Mapping Ellenberg values using a RandomForest regression and two types of optical remote sensing datasets¶

Fabian Fassnacht

Overview¶

In this lecture you will learn how to apply RandomForest in a regression scenario. The learned steps will include:

Loading a hyperspectral and a Sentinel-2 image
Visualizing a hyperspectral and a Sentinel-2 image
Loading a reference datset containing Ellenberg indicator values collected in the field
Building a RandomForest model between the Ellenberg values and the spectral information of the remote sensing datasets
Predicting the RandomForest model to the full image

The datasets applied in this tutorial are available here: https://drive.google.com/open?id=16HZiL0AltUr7ftNMviLIrHfb5Y9vTGCu

Datasets used in this Tutorial¶

In this tutorial we will use a Sentinel-2 image which has been preprocessed as described in the following Tutorial:

ADD LINK

The image used in the Tutorial has additionally been re-projected to a German coordinate reference system (EPSG-code: 31468) in QGIS.

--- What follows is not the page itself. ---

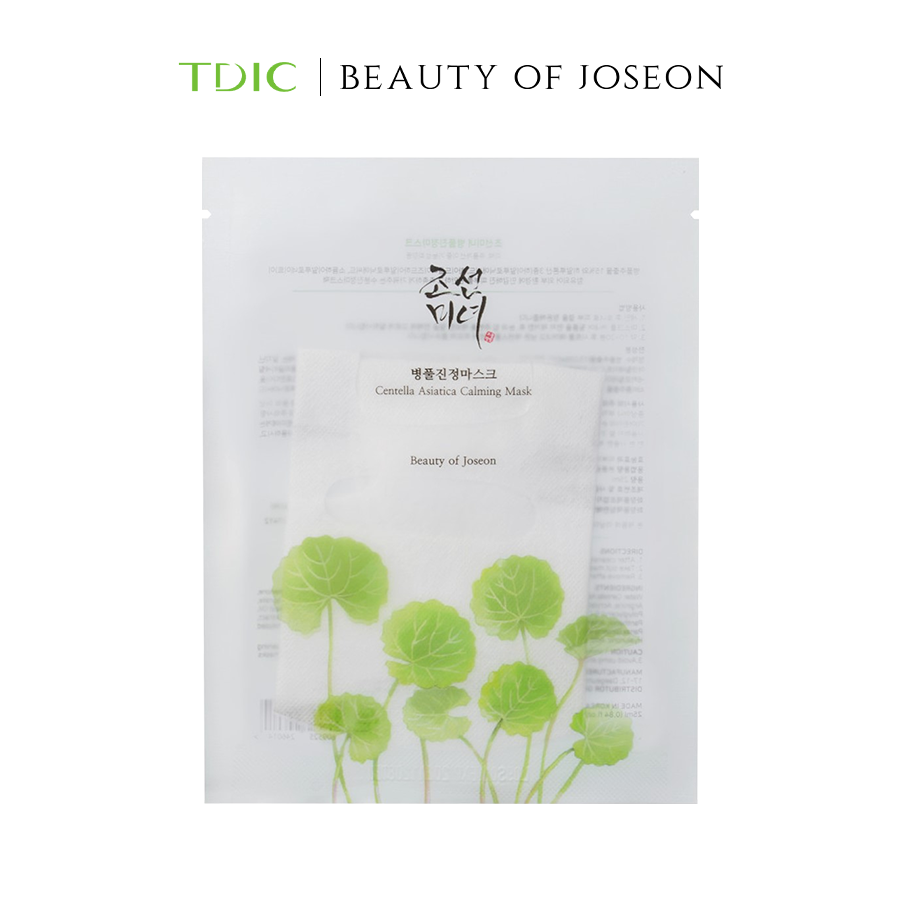  Mặt Nạ Giấy Cấp Ẩm - Dịu Da  Beauty Of Joseon Centella Asiatica Calming Mask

The original Sentinel-2 dataset can be downloaded from several webpages including the USGS Earth explorer (the same webpage where we downloaded our Landsat data), as well as the official ESA Science Data Hub. How to download the corresponding images will be demonstrated in the course. The links can be found in below as well as on the ILIAS page of the course:

https://earthexplorer.usgs.gov/ .

ADD LINK

Furthermore, we will make use of an airborne hyperspectral or imaging spectroscopy image that was collected with the HyMap sensor. This dataset is comparable to a multispectral image but contain a lot more bands which continuously cover the spectra wavelengths regions between approximately 400 and 2400 nm. The HyMap dataset has a higher spatial resolution as compared to the Sentinel-2 image.

The field reference data and the hyperspectral data for this tutorial are the data sets used in Schmidtlein, S., Zimmermann, P., Schüpferling, R., Weiß, C. (2007): Mapping the floristic continuum: Ordination space position estimated from imaging spectroscopy. Journal of Vegetation Science 18(1), pp. 131–140.

Step 1: Loading the Sentinel-2, the HyMap (hyperspectral) and the reference data¶

As first step, load all necessary R packages by executing the following code:

library("terra")
library("sf")
library("randomForest")

R will raise an error in case a package is not installed yet. If this is the case, please install the packages either through the main menu of Rstudio by selecting “Tools” => “Install packages” and then following the appearing dialogue, or by entering the corresponding R code to install the packages into the console. E.g., to install the package “terra” use the code:

install.packages("terra")

After all packages are successfully installed, load the images using two steps. First, change the path to the folder containing the image:

setwd("/home/florian/tutorials-fabian/random-forest-regression/")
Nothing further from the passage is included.